Will direct life sales be viable after the Royal Commission?
Life insurance policies are complex products which, even with the help of a financial planner and a well-written product disclosure statement (PDS), are rarely completely and thoroughly understood by an average consumer.
That very fact alone should have given major insurers pause before they embarked on their direct sales strategies wherein “sales agents” operating out of in-house call centres were tasked with selling life/risk products to consumers over the phone.
To be clear, and as the Royal Commission into Misconduct in the Banking, Superannuation and Financial Services Industry was told, those calls did not involve the “sales agents” making themselves fully aware of the circumstances of the consumer, their need for an insurance product or even their capacity to maintain the premiums. The sales agents were simply in the business of “tele-sales”.
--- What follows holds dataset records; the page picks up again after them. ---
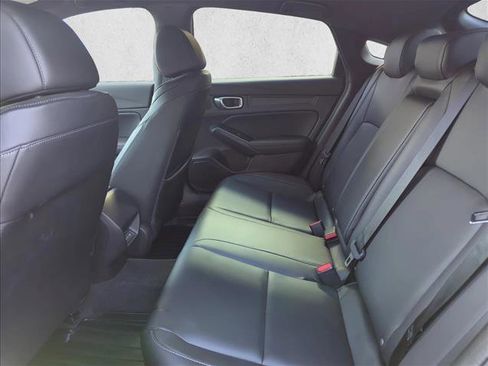 Used 2024 Acura Integra A-Spec image 15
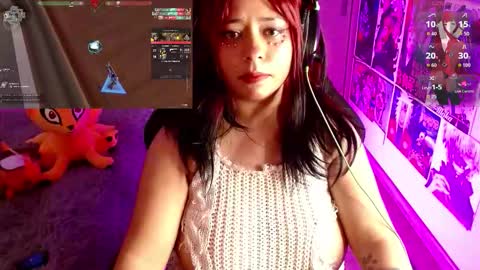 elizabeth online show from November 2025 07:31:02 AM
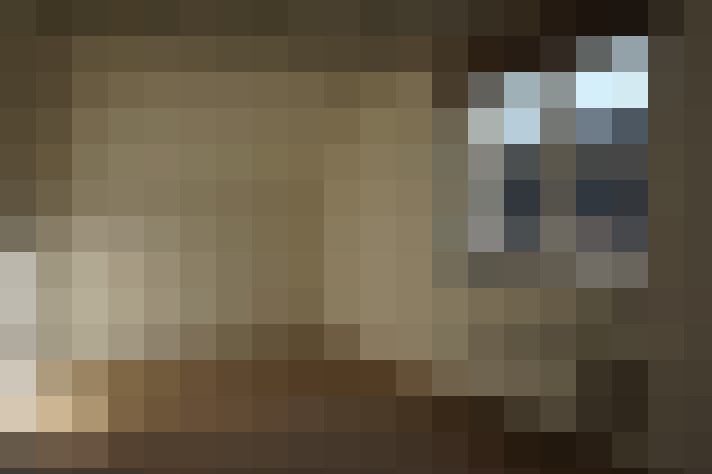  / #12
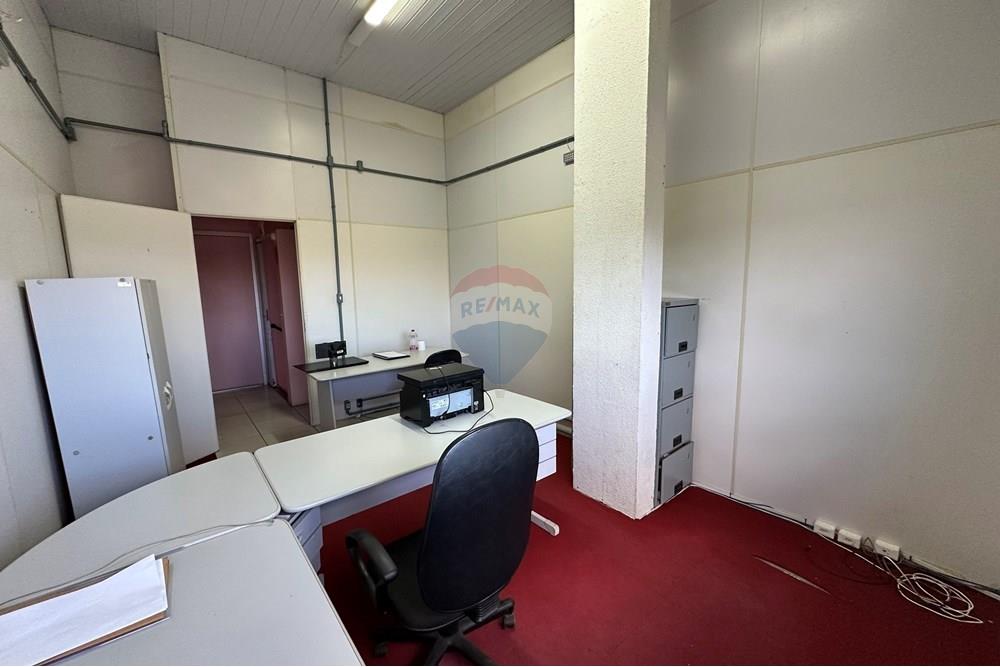 Cj. Comercial/ Sala - Alugar - Sombrio , Santa Catarina - IMG_9527.jpg - 590491002-50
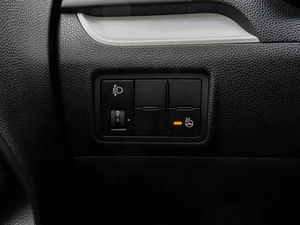 Хетчбэк Kia Picanto 2014 года, 1090000 рублей, Краснодар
It is a measure of those direct life/risk sales businesses, now discontinued by ClearView, that a culture existed which gave rise to tactics such as “random incentive days” within which it was promised it would “rain gift cards” as the sales/agents chased their premium targets.
Few insurance industry veterans would be comfortable with such language and tactics because it is the language of tele-marketing/sales and not the traditional parlance of the insurance industry, even in the days of the old door-to-door “lifey”. It is language symptomatic of companies which allowed expedience to get in the way of ethics.
Elsewhere in this edition of Money Management, the chairman of life/risk focused financial planning dealer group, Synchron, Michael Harrison, has suggested that the evidence provided to the Royal Commission has proved that “direct life insurance is barely worth the paper it’s written on, that direct insurers will do almost anything to make a sale and that they will do almost nothing to honour their policies at claims time”.
Many financial planners would agree with Harrison, not least because most life/risk policies sold via direct channels are underwritten at time of claim rather than at time of sale. Notwithstanding this, it is wrong to suggest that all life insurance sold via direct channels is utterly valueless. Properly sold to appropriately informed consumers, policies sold via direct channels can have a value.
For the major insurers there is an undeniable commercial attraction in the direct life/risk channel but they must now make an assessment of whether that attraction is subsumed by the regulatory and reputational risks. ClearView has clearly made its decision. Will others act similarly?
Assuming the Royal Commissioner, Kenneth Hayne, does not take an entirely negative view of direct life/risk sales it is now up to the major insurers to thoroughly review their businesses to ensure that the misconduct picked up by the Australian Securities and Investments Commission (ASIC) and laid bare during the Royal Commission hearings is totally eliminated and whether, consequently, their commercial models will still work.
There is an old saying that life insurance is “sold and not bought”. The question insurers need to ask themselves is whether selling over the phone will still look like a viable commercial model in the wake of the Royal Commission.